Troubleshoot packet loss



  • Hi All,
    Maybe someone has an idea here.
    I'm having packet loss while trying to send 200K pps udp packets.
    Testing using iperf -u -c (IP) -i1 -l 64 -b 100M -t 10 Im having around 1% to 30% packets loss.

    The packets that are lost even not showing in tcpdump in the pfsense input interface.

    I have another Pfsense that has net.isr.direct=1 and net.isr.direct_force=1  (IT HAS NO LOSS AT ALL).

    Both setups are the same Dell R-610 with Quad IGB card, lan and wan are LACP lagg and both are clusters.

    Tried to disable LAGG no change.
    If net.isr.direct to 0 and net.isr.direct_force are 0 as well it changes a lot.
    using netstat -in shows no Ierrors.
    While it set to 1 there are Ierrors.

    Also i can see drops on net.inet.ip.intr_queue_drops.

    So I think that with net.isr set to 0 its better but the net.isr is set to 1 thread and I'm unable to change net.isr.numthreads or maxthreads.

    Any ideas are welcome.

    Thanks
    David,



  • @David:

    So I think that with net.isr set to 0 its better but the net.isr is set to 1 thread and I'm unable to change net.isr.numthreads or maxthreads.

    Perhaps net.isr.numthreads and net.isr.maxthreads can be changed only at boot time. (There are a number of such sysctls.)

    @David:

    The packets that are lost even not showing in tcpdump in the pfsense input interface.
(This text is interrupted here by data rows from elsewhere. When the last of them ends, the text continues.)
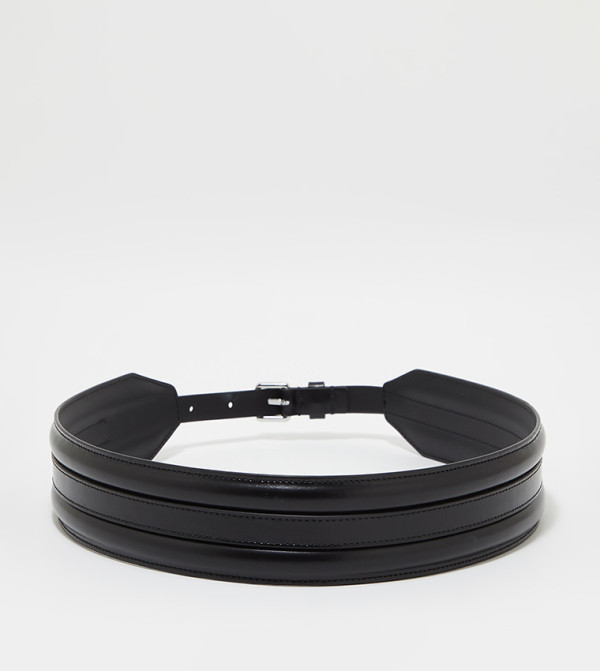 Calvin Klein  Belts - Black Leather Belts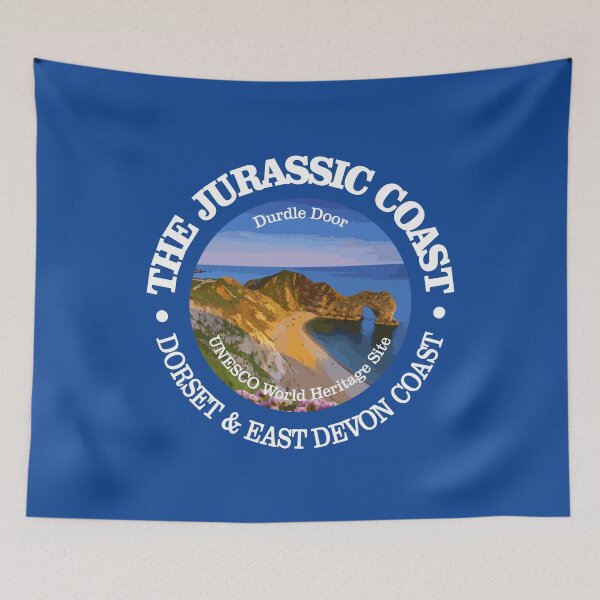 Item preview, Jurassic Coast (rd) designed and sold by curranmorgan.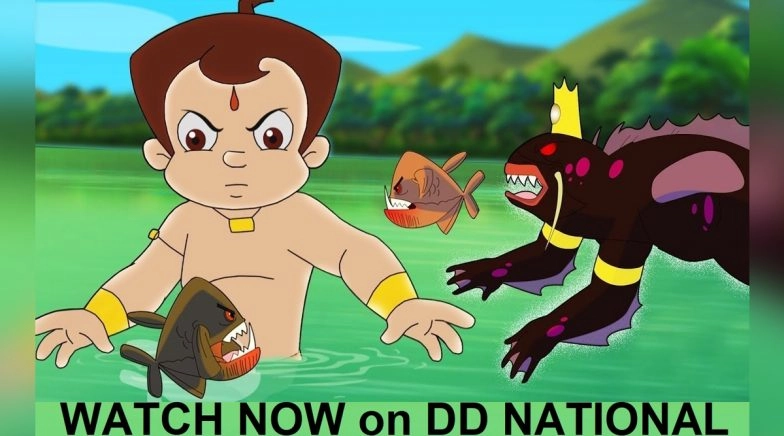 Doordarshan To Air Kids' Animated Show Chota Bheem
    Perhaps they are dropped before they make it to the output queue of the sending device. Or they could be discarded because the input receive rings fill up and consequently the receive FIFO fills up. There should be counters for both cases.



  • Thanks wallabybob,
    I have added the net.isr via /boot/loader.conf.local. it did not changed it.

    I remembered that the non loosing packets pfsense was installed on the same day but the other firewall is an upgrade.

    The Kernel version is 8.1-RELEASE-P4#0 on the working one. the packet loosing is 8.1-RELEASE-P4#1 both build on Sat Jul 16.

    Im installing from scratch and update shortly.

    Thanks
    David,



  • It didn't make any change.. so its not the install.



  • I did a bit of research and it looks as if net.isr.numthreads reports the number of threads in use (and hence is read only) and net.isr.maxthreads can be set at boot time and is limited to the number of CPUs.



  • Thanks wallabybob,
    I'm trying it now….



  • No it didn't work..



  • I have added Net.inet.ip.fastforwarding=1
    Now while sending 250kpps only 3% I loss.
    Still don't know why the other machine can handle 350k+ pps.

    Do you think I should try Amd64? Will it change something.



  • If they are identical you can comapre their sysctl -a outputs and see the differences there.
    It is a start to tell you what really differs between them.

    Maybe different hw?



  • Thanks Ermal.
    I didnt found something special I changed it according the working one.
    One difrrence in the hardware is disk controller.
    Beside that I dont see any change.

    I will try the bce nic.

    Thnaks.



  • Well if you have shared IRQs with the disk controller that might give you issues.
    One last thing to try is if increasing kern.hz to about 4000 value helps.

    Also you need to check how many queues are configured on the igb cards as well.


Locked